Please write out the entire listing below exactly, excluding its pictures.
=== Begin Enclosure ===
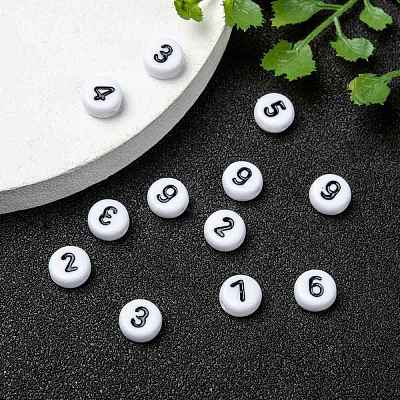Mix Numbers White Flat Round Acrylic Beads X-PB9111-1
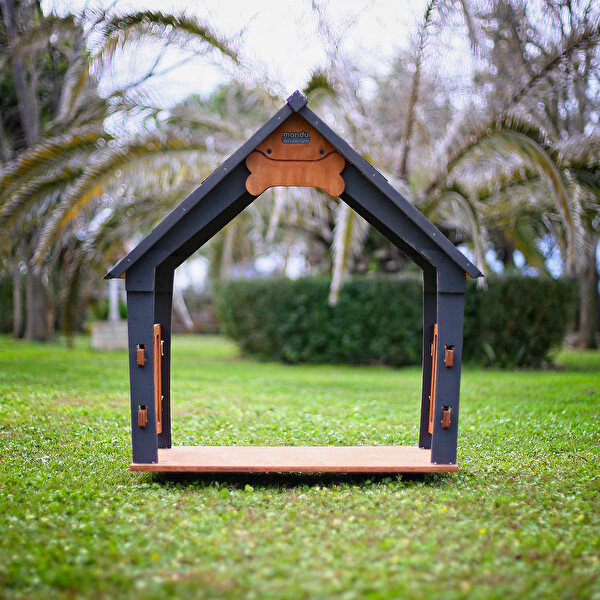 Mandu Isı Yalıtımlı Ahşap Köpek Kulübeleri İçin Ekstra Large Gölgelik Çatı ve Taban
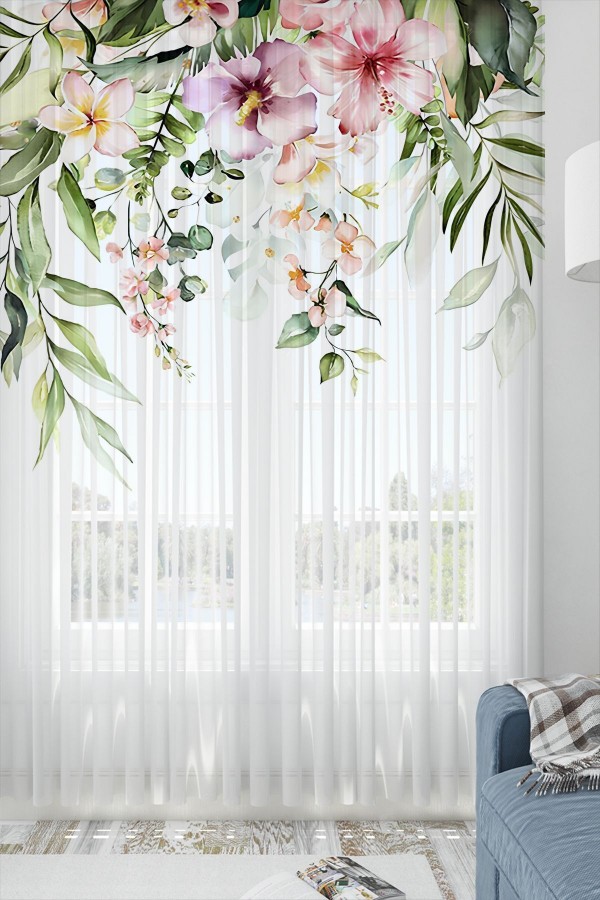 Renkli ÇiÇekler Desen Baskılı Dekoratif Salon Mutfak Tül Perde 140x260cm Renkli ÇiÇekler Desen Baskılı Dekoratif Salon Mutfak Tül Perde 140x260cm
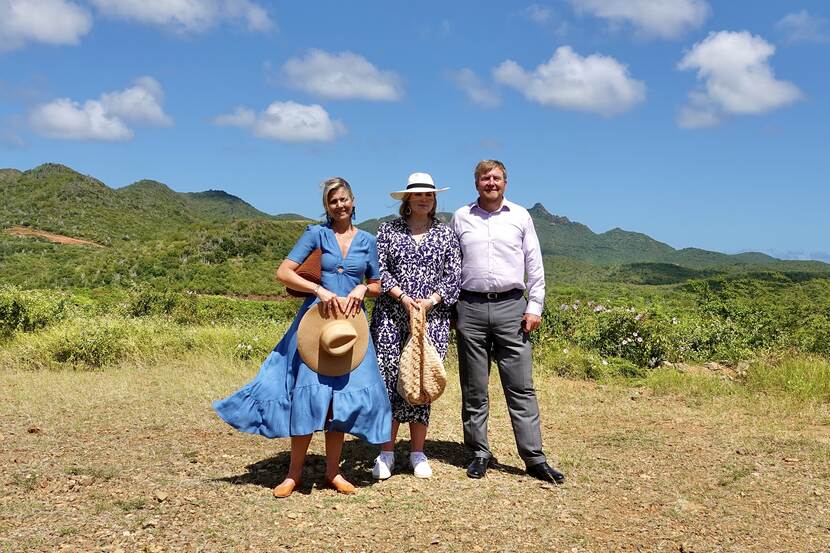 King Willem-Alexander, Queen Máxima and the Princess of Orange visit Hofi Mango in Curacao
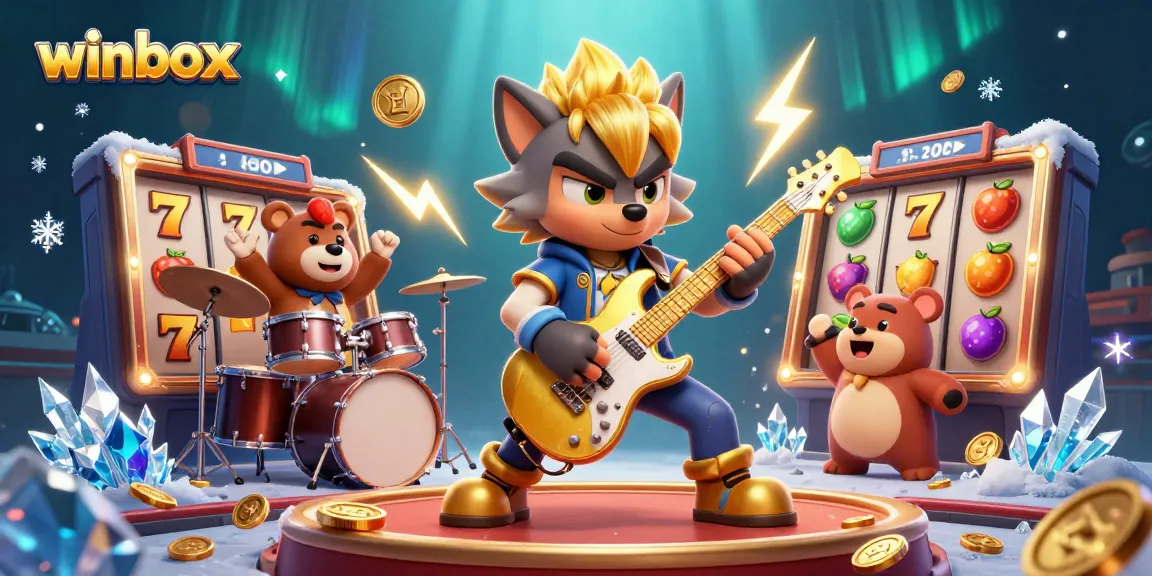 Winbox slot game featuring a cartoon rock star wolf and a drummer bear in a vibrant casino scene.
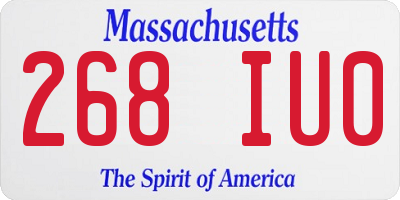 MA license plate 268IU0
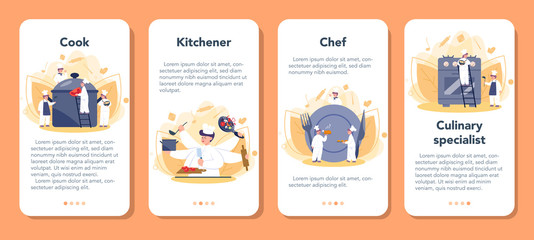 Restaurant chef cooking mobile application banner set. Collection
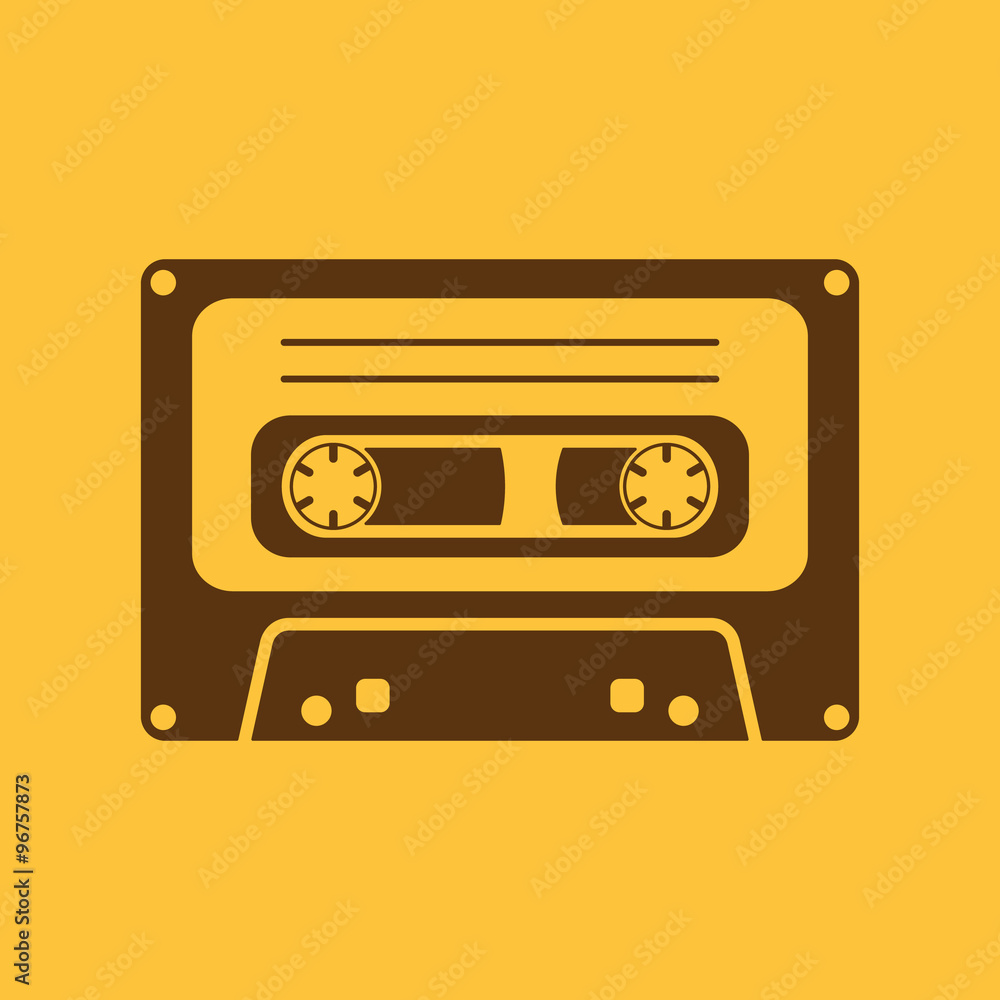 The tape icon. Cassette symbol. Flat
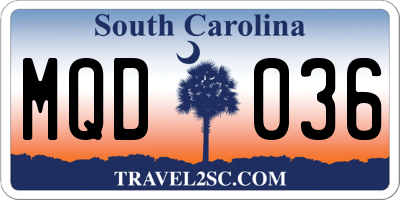 SC license plate MQD036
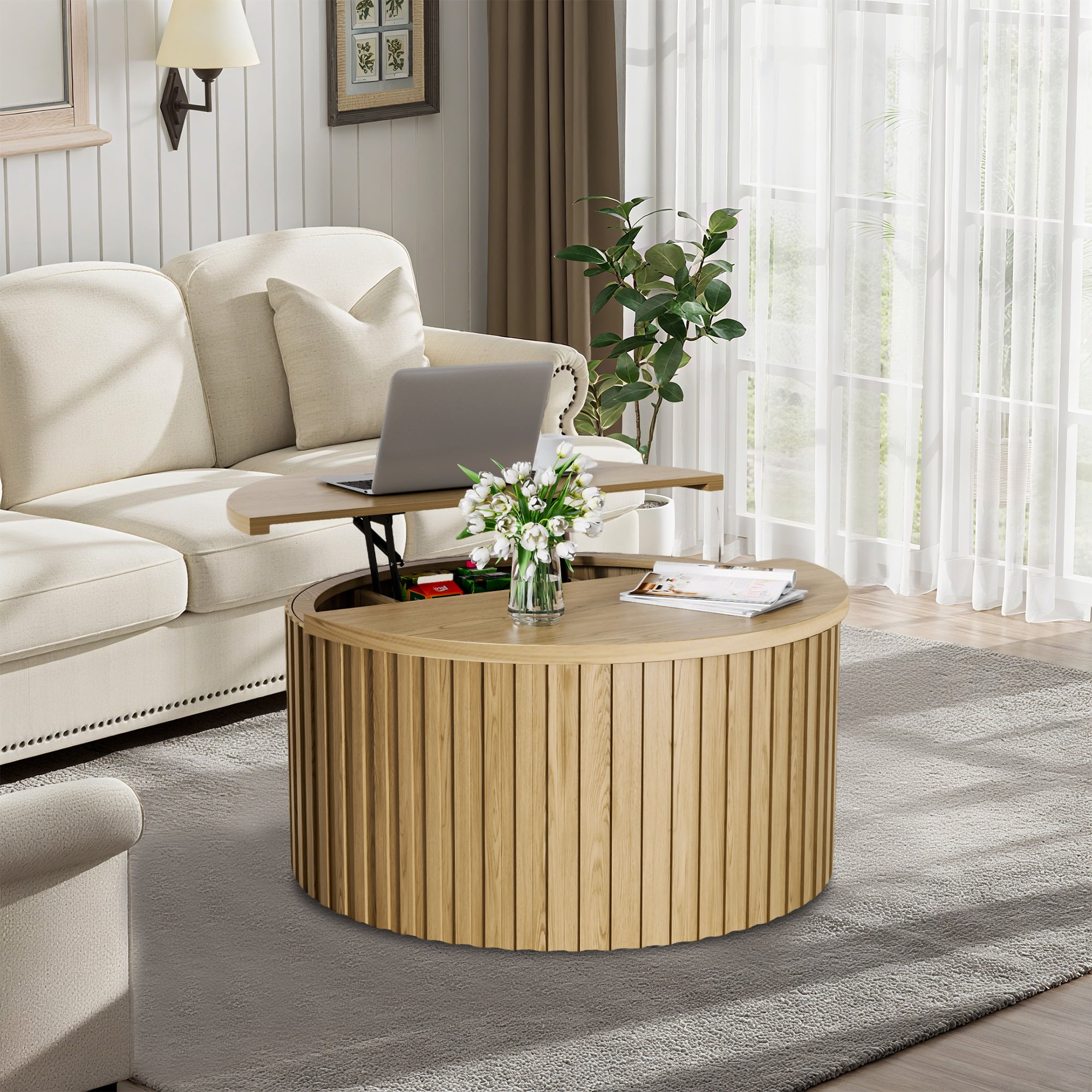 Round Coffee Tables for Living Room, Lift Top Coffee Table with Storage, Circle Center Table for Office, Wood Color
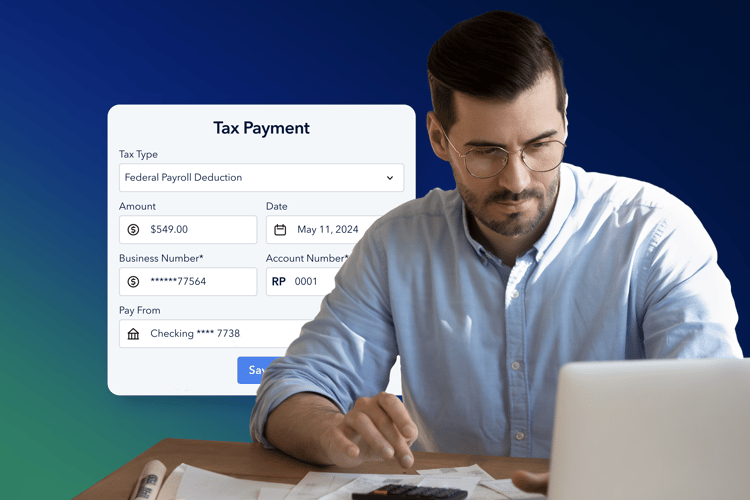 Businessman doing tax payments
=== End Enclosure ===
Solution for this task -
Mix Numbers White Flat Round Acrylic Beads X-PB9111-1
 Mandu Isı Yalıtımlı Ahşap Köpek Kulübeleri İçin Ekstra Large Gölgelik Çatı ve Taban
 Renkli ÇiÇekler Desen Baskılı Dekoratif Salon Mutfak Tül Perde 140x260cm Renkli ÇiÇekler Desen Baskılı Dekoratif Salon Mutfak Tül Perde 140x260cm
 King Willem-Alexander, Queen Máxima and the Princess of Orange visit Hofi Mango in Curacao
 Winbox slot game featuring a cartoon rock star wolf and a drummer bear in a vibrant casino scene.
 MA license plate 268IU0
 Restaurant chef cooking mobile application banner set. Collection
 The tape icon. Cassette symbol. Flat
 SC license plate MQD036
 Round Coffee Tables for Living Room, Lift Top Coffee Table with Storage, Circle Center Table for Office, Wood Color
 Businessman doing tax payments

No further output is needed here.